20 de marzo de 2010

Piedra Paluguillo



Contar una historia desde el comienzo es volver a vivirla, interpretarla, entenderla y aprender a través de la memoria. Lo que experimentamos se vuelve parte de nosotros, transformándonos en esa práctica vivida. En las montañas de Paluguillo compartí una experiencia creativa con Jaime y Javier Suárez cuando vinieron a visitarme al Ecuador, no sólo quería compartir con ellos el paisaje de la Sierra ecuatoriana, sino que también entender a través de la lana la importancia de los textiles autóctonos de mi país. Los tejidos son comunicadores de pensamientos que forman la identidad cultural de las comunidades indígenas oriundas de esta zona. Para mí, trabajar con lana es como adentrarme en las raíces de una historia sin palabras, una que se encuentra en la memoria colectiva de un mundo cercano a la naturaleza. Algo como enlazarme en las costuras de nuestros lejanos ancestros.

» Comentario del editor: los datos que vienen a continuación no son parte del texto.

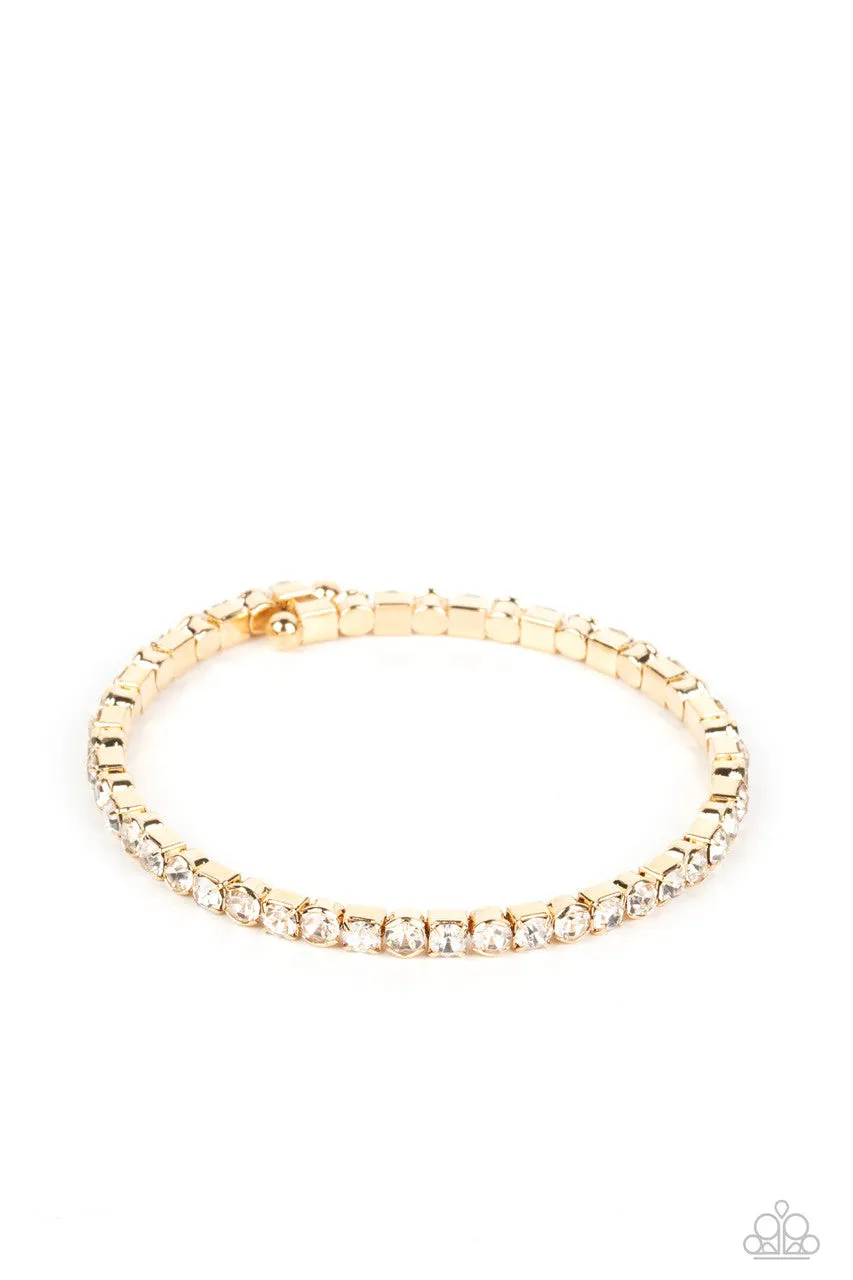 Rhinestone Spell - Gold - White Rhinestone Dainty Paparazzi Coil Bracelet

Lo más hermoso de la experiencia fue percibir el cambio climático del páramo. Cuando llegamos al emplazamiento, el sol iluminaba el verde césped que se contrastaba con las flores amarillas, unas que luego utilizaríamos también en nuestro dibujo de lanas. Mientras tejíamos en el paisaje, la niebla bajaba despacio cubriendo la roca entera y borrando las montañas a su alrededor. Casi podíamos percibir solamente lanas de colores flotando sobre la roca. Todo parecía cerrarse como una cortina de teatro al finalizar su espectáculo. Esa tarde el blanco lo cubrió todo cegándonos los ojos e inundando nuestras miradas en una bruma pasajera.



Utilizamos lanas como pinceladas de pintura y aprovechamos la roca como un gran lienzo inmersos entre montañas. En ella escribimos signos geométricos parecidos a los dibujos de las constelaciones, junto con líneas orgánicas similares a las formas que diseñan los ríos cuando fluyen sobre la superficie de la tierra. Subimos y bajamos la roca, acariciándola con los dedos en un vestido que la protegiese del frío. Aparentaba sagrada, hierática y enigmática, como si por dentro guardase toda la magia de su propio peso. Al cabo de unas semanas el viento había soplado nuestra huella, restaurando la apariencia originaria de la roca, como si nosotros nunca hubiéramos intervenido en su territorio. No obstante, en mí quedó grabado el vestigio de un contacto directo con la memoria; todo lo experimentado antes se convertía ahora en la verdadera historia del paisaje.